Convert two halfword loads into a single 32-bit word load with bitfield extract
instructions. For example :

ldrh w0, [x2]
ldrh w1, [x2, #2]

becomes

ldr w0, [x2]
ubfx w1, w0, #16, #16
and w0, w0, #ffff

Diff Detail

Event Timeline

junbuml updated this revision to Diff 37481.Oct 15 2015, 7:43 AM
junbuml retitled this revision from to [AArch64]Add support for converting halfword loads into a 32-bit word load.
junbuml updated this object.
junbuml added reviewers: mcrosier, mzolotukhin.
junbuml added a subscriber: llvm-commits.
junbuml added a reviewer: ab.Oct 15 2015, 7:46 AM

FYI,
With this change 1.5% performance improvement was found in spec2006/h264ref.

mcrosier edited edge metadata.Oct 15 2015, 9:24 AM

Hi Jun,
Just a few general comments:

  1. You might want to consider pulling this optimization into a separate loop before the loop the does the load and store pairing. I could see a case where you promote the ldrh+ldrh into a ldr and then that ldr gets paired with another ldr into a ldp.

ldrh w1, [x0]
ldrh w2, [x0, #2]
ldrh w3, [x0, #4]
ldrh w4, [x0, #8]

becomes something like:

ldp w1, w3 [x0]
ubfx w2, w1, #16, #16
ubfx w1, w1, #0, #16
ubfx w4, w3, #16, #16
ubfx w3, w3, #0, #16

  1. For the suggestion in #1 to work you would need to append the MMOs to the new ldr instruction. Otherwise, the hasOrderedMemoryRef() check will fail.
  1. Would is make sense to use an 'and w0, w0, 0xff' to zero the upper bits of the load? In other words, I'm wondering if a 'ubfx' is more expensive than an 'and' operation?

    Chad
lib/Target/AArch64/AArch64LoadStoreOptimizer.cpp
172

Just delete and fall through.

mcrosier added a subscriber: gberry.
  • I agree that implementing this in the separate loop will open up more pairing.
  • Okay, I will append MMO.
  • Yes, for low 16, AND should be preferred.

Thanks Chad for the review.

lib/Target/AArch64/AArch64LoadStoreOptimizer.cpp
172

Thanks. I will fix it.

mcrosier added inline comments.Oct 15 2015, 10:28 AM
lib/Target/AArch64/AArch64LoadStoreOptimizer.cpp
1181

I would also make this the first listed optimization.

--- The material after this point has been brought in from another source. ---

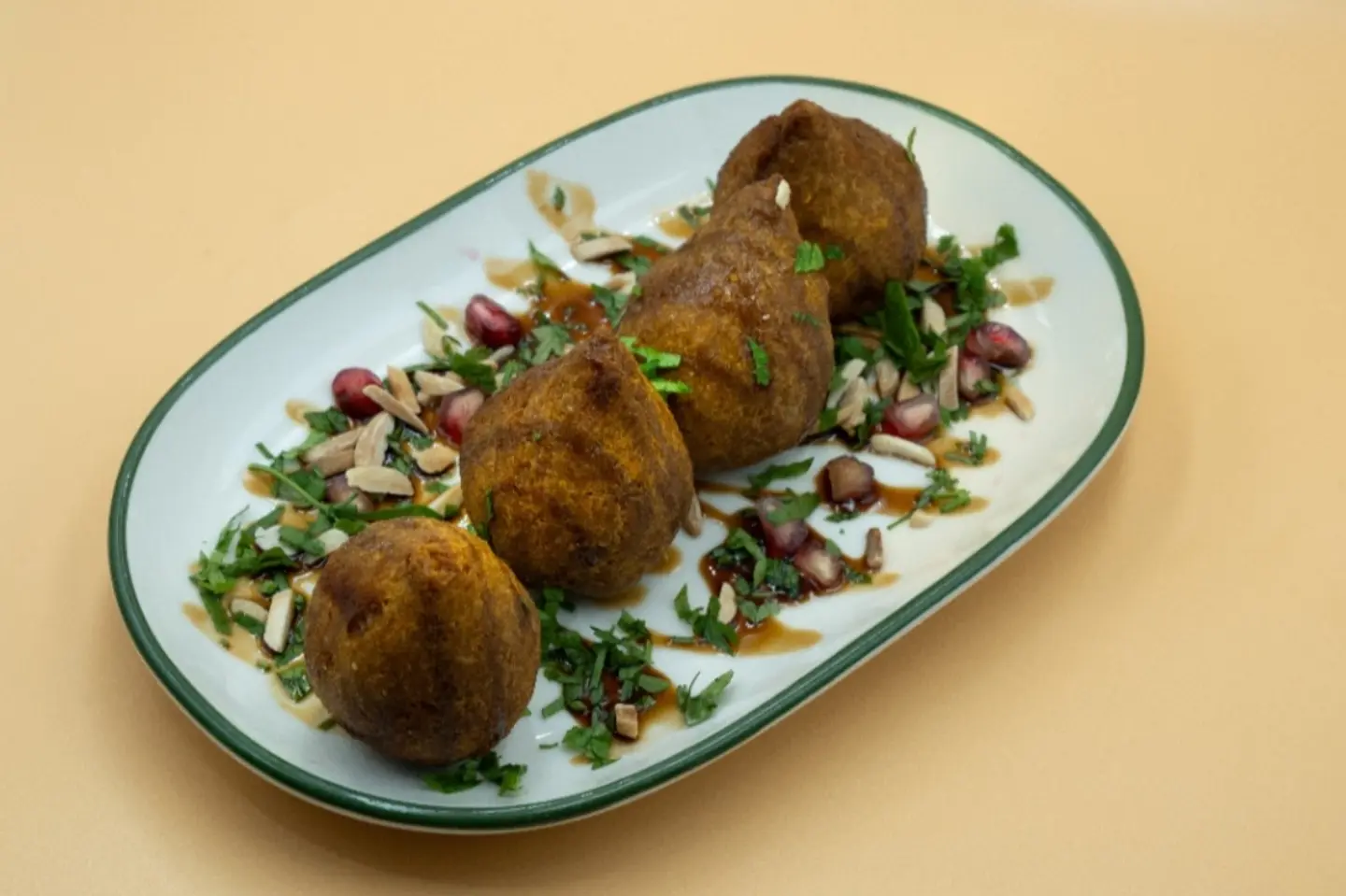 كبة يونانية بدس الرمان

That way the documentation is consistent with the order in which the optimization occur.

  1. combining of halfword/small types opt
  2. load/store paring opt
  3. pre- and post-index opt
junbuml updated this revision to Diff 37590.Oct 16 2015, 8:26 AM
junbuml updated this object.
junbuml marked 3 inline comments as done.
mcrosier accepted this revision.Oct 19 2015, 7:27 AM
mcrosier edited edge metadata.

LGTM, with one minor nit.

lib/Target/AArch64/AArch64LoadStoreOptimizer.cpp
1142

If we merge two ldrh instructions into a ldr we haven't actually created a paired instruction. How about we add another statistic to count when we merge narrow loads/stores into wider loads/stores?

This revision is now accepted and ready to land.Oct 19 2015, 7:27 AM
junbuml added inline comments.Oct 19 2015, 7:32 AM
lib/Target/AArch64/AArch64LoadStoreOptimizer.cpp
1142

Adding new statistic sounds good to me.

junbuml closed this revision.Oct 19 2015, 11:39 AM

Committed in r250719

I tested it on A57 for spec2000 and spec2006. This patch was applied pretty widely, but clear performance was only observed in spce2006/h264ref (about 2%), and no performance regression was found. I can add a flag to turn it on only for a specific architecture. Please let me know any suggestion.

James,
Unfortunately, we're not setup to conduct performance testing using the llvm test-suite. Currently, we can only perform correctness testing, but we hope to have this resolved in the coming weeks.

Chad